Mais, grano, soia e girasole non usciranno dal Paese fino al 22 maggio per combattere l'aumento dei prezzi causato dal conflitto in Ucraina. Il nostro Paese ne importa 1,6 miliardi di chili l'anno

L'Ungheria ha vietato tutte le esportazioni di grano con effetto immediato a causa dell'aumento dei prezzi causato dall'invasione russa dell'Ucraina. La dichiarazione del ministro dell'agricoltura Istvan Nagy al canale televisivo RTL interessa beni di prima necessità alimentare quali di cereali, soia e girasole. L'annuncio può avere gravi ripercussioni sull'Italia. Nel nostro Paese, secondo i calcoli della Coldiretti, sarebbe a rischio un allevamento su quattro, data la forte dipendenza dal mais importato da Ungheria e Ucraina per l’alimentazione degli animali. Ettore Prandini, presidente della confederazione, denuncia il comportamento irresponsabile di un Paese che fa parte dell’Unione Europea come l’Ungheria, che ha bloccato anche l’export di grano e altri cereali come segale, orzo, avena nonché quello di semi di soia e di girasole fino al 22 maggio. “E’ stata notificata a Bruxelles una decisione che compromette il mercato unico e mina le fondamenta stesse dell’Unione Europea” afferma Prandini nel sollecitare “un opportuno intervento della Commissione europea per fermare un comportamento assurdo ed assicurare il regolare funzionamento del mercato unico”.

Dello stesso tono la reazione di Confagricoltura: “A seguito dei drammatici avvenimenti in corso in Ucraina, i mercati internazionali delle principali materie prime agricole sono sotto pressione” sottolinea il presidente Massimiliano Giansanti, “ma vanno respinte le iniziative nazionali unilaterali all’interno della UE. La capacità produttiva di cereali dell’Unione è tale da poter gestire anche questa difficilissima situazione”. Nel frattempo, anche la Bulgaria ha stabilito di aumentare per precauzione gli stock pubblici di cereali per un ammontare di 1,5 milioni di tonnellate. Il risultato è quello di ridurre i volumi delle vendite all’estero.

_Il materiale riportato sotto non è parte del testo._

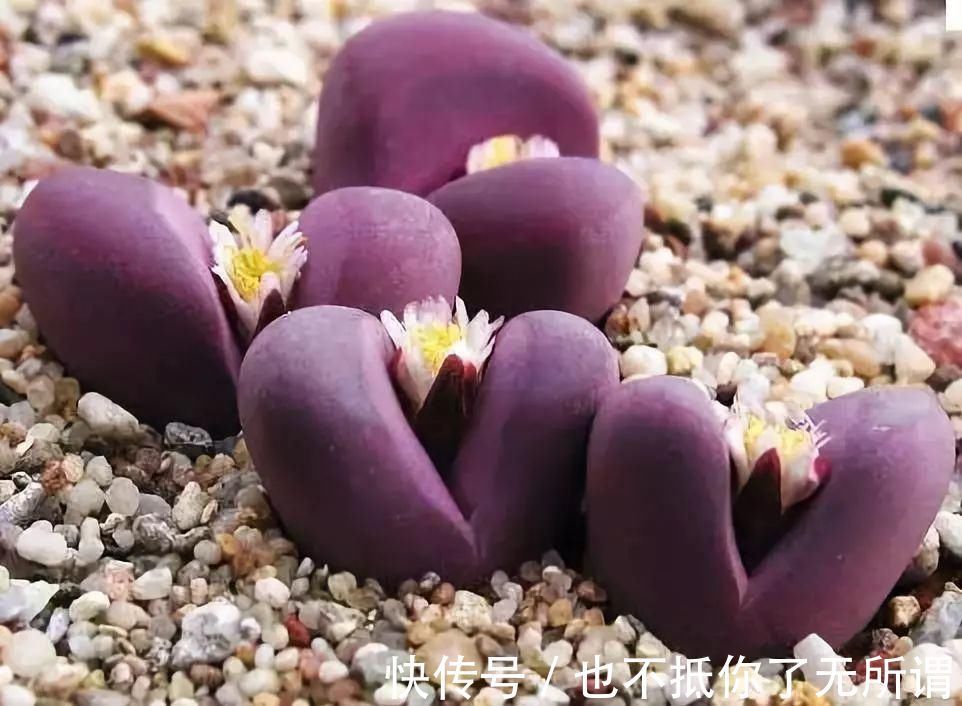 龟甲牡丹|世界上最名贵的花,一盆就是一座房子!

Solo nel 2021 dall’Ungheria sono arrivati in Italia ben 1,6 miliardi di chili di mais mentre altri 0,65 miliardi di chili dall’Ucraina per un totale di 2,25 miliardi di chili che rappresentano circa la metà delle importazioni totali dell’Italia. La dipendenza dall’estero riguarderebbe circa la metà del fabbisogno interno. “Siamo di fronte ad una nuova fase della crisi, dopo l’impennata dei prezzi arriva il rischio concreto di non riuscire a garantire l’alimentazione del bestiame” avverte Prandini nel precisare che “da salvare ci sono tra l’altro 8,5 milioni di maiali, 6,4 milioni di bovini e oltre 6 milioni di pecore”. L’Italia è costretta ad importare materie prime agricole a causa dei bassi compensi riconosciuti dalle industrie agli agricoltori, che hanno deciso di ridurre di quasi 1/3 la produzione nazionale di mais negli ultimi 10 anni. Nello stesso arco di tempo, è scomparso anche un campo di grano su cinque, con la perdita di quasi mezzo milione di ettari coltivati.

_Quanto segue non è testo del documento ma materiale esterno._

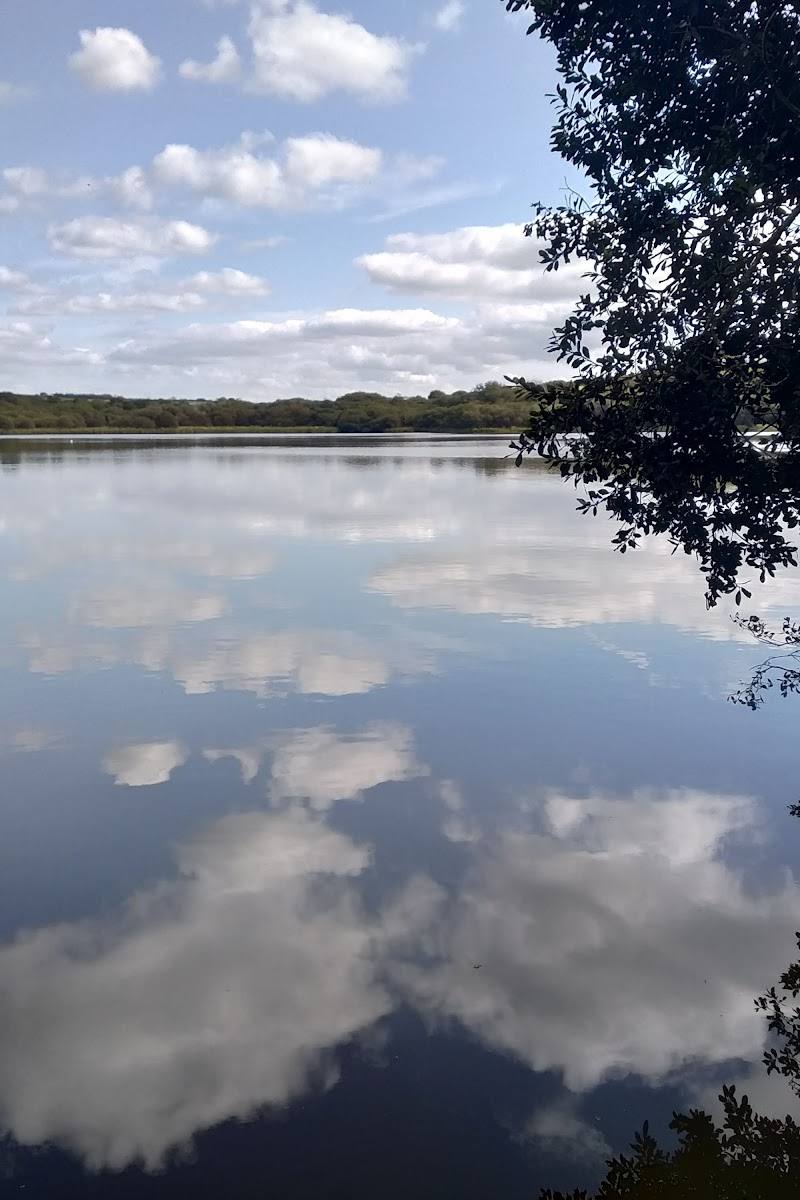 Lower Tamar Lake — Place photograph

Secondo Coldiretti, queste scelte scellerate sono il frutto della miopia di molte industrie, che hanno preferito continuare ad acquistare per anni in modo speculativo sul mercato mondiale, approfittando dei bassi prezzi degli ultimi decenni, anziché garantirsi gli approvvigionamenti nazionali attraverso i contratti di filiera. Prandini sottolinea che “ci sono le condizioni produttive, le tecnologie e le risorse umane per raggiungere in Italia l’autosufficienza alimentare”. Per conseguirla, occorrerebbe lo sblocco di 1,2 miliardi per i contratti di filiera già stanziati nel Pnrr. Al tempo stesso, Coldiretti evidenzia che andrebbero incentivate le operazioni di ristrutturazione e rinegoziazione del debito delle imprese agricole a 25 anni, attraverso l'Istituto di Servizi per il Mercato Agricolo Alimentare (Ismea) e fermando le speculazioni sui prezzi pagati agli agricoltori, applicando il decreto sulle pratiche sleali.

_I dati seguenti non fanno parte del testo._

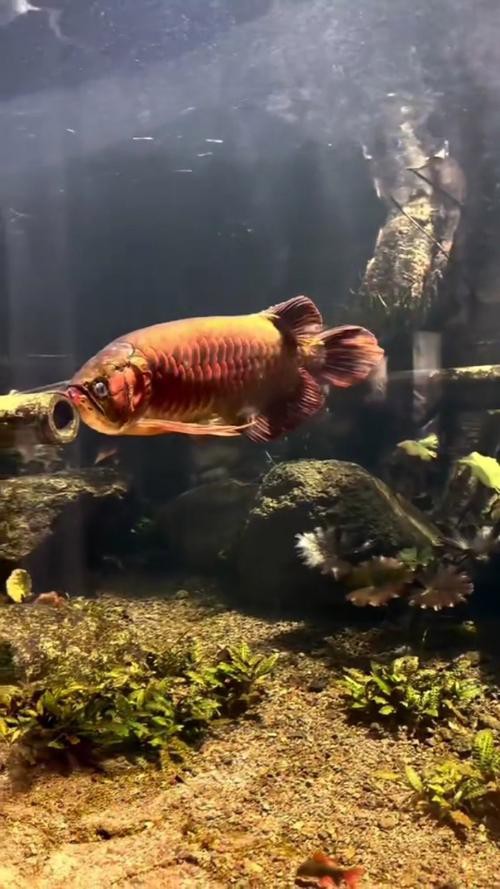 印尼紅龍魚(yú)怎么養(yǎng)活的圖片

Il prezzo del grano, ricorda in una nota, ha messo a segno un aumento del 40,6% in una settimana per un valore ai massimi da 14 anni di 12,09 dollari per bushel (che equivalgono a 27,2 chili). Un record che non si raggiungeva dal 2008. Valori al top del decennio riguardano anche le quotazioni di mais, mentre la soia sale del 5% nella settimana, secondo i dati forniti dal Chicago Board of Trade, punto di riferimento per le materie prime agricole.